(CNN)Attorney General Merrick Garland is facing more pressure to reconsider the Justice Department's decision not to bring any prosecutions related to the FBI's mishandling of the Larry Nassar investigation, with Iowa Sen. Chuck Grassley calling Friday for a federal prosecutor or special counsel to further investigate the matter.
"Nassar abused hundreds of young athletes while FBI sat on its thumb. DOJ refused to attend the Judiciary Committee hearing this week to face questions," Grassley said in a statement Friday. "Attorney General Garland should assign a federal prosecutor or special counsel to uncover what the FBI knew and when, as well as to seek prosecutions of those involved in the cover-up. These brave gymnasts and all Nassar survivors deserve accountability, especially from the Justice Department."
Asked by CNN for comment, the Justice Department said it has received and is reviewing the letter.
Justice Department Inspector General Michael Horowitz issued a scathing report about the FBI's Nassar probe failures in July. It singled out two former FBI officials for alleged false statements they made about the Nassar investigation, in addition to other violations of FBI protocols.
The IG report said that Horowitz's office had referred that conduct to the department for potential prosecution, but the department -- under both the Trump and Biden administrations -- had declined to bring charges. One of those FBI employees, Michael Langeman, was fired by the FBI in recent weeks, while the other, Jay Abbott, retired in early 2018.
At Wednesday's hearing, the gymnasts and lawmakers alike bashed DOJ's decision not to bring charges related to the botched probe.

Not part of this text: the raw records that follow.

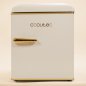 Μίνι ψυγείο 45 Lt Bolero CoolMarket TT Origin 45 Beige E Beige 44,7 x 53,4 x 55 cm Cecotec CEC-02129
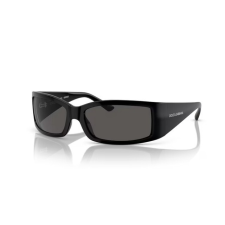 Dolce & Gabbana DG6188 501/87 BLACK DARK GREY napszemüveg napszemüveg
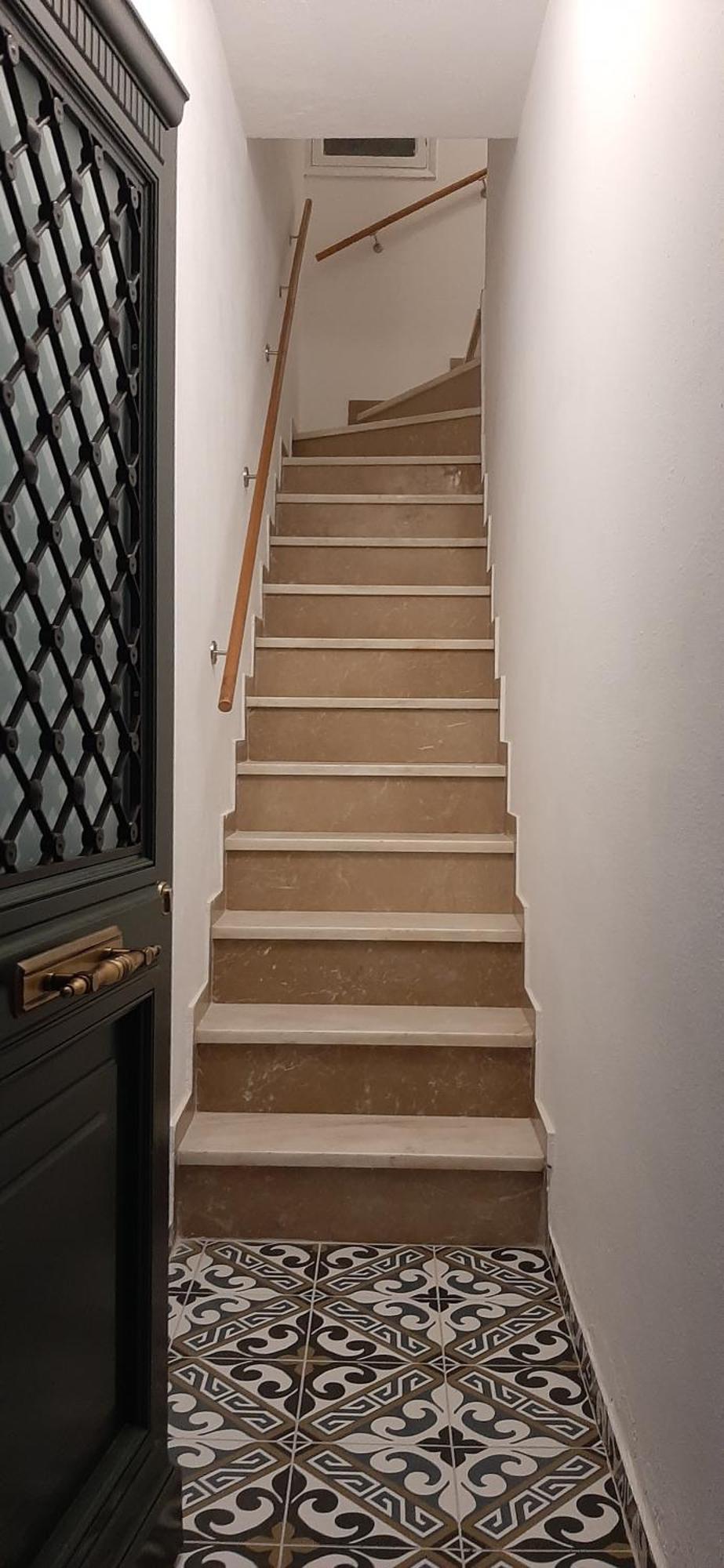 Cath'S Guesthouse Skopelos Town Bagian luar foto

"A message needs to be sent: If you allow a predator to harm children, the consequences will be swift and severe. Enough is enough," Olympic gymnast Simone Biles said.
In the period after the allegations against Nassar were reported to the FBI, some 70 athletes were abused by him while the investigation stalled out, according to the IG report.
"They allowed a child molester to go free for more than a year and this inaction directly allowed Nassar's abuse to continue," Olympic gymnast McKayla Maroney said.
This story has been updated to include a comment from the Justice Department.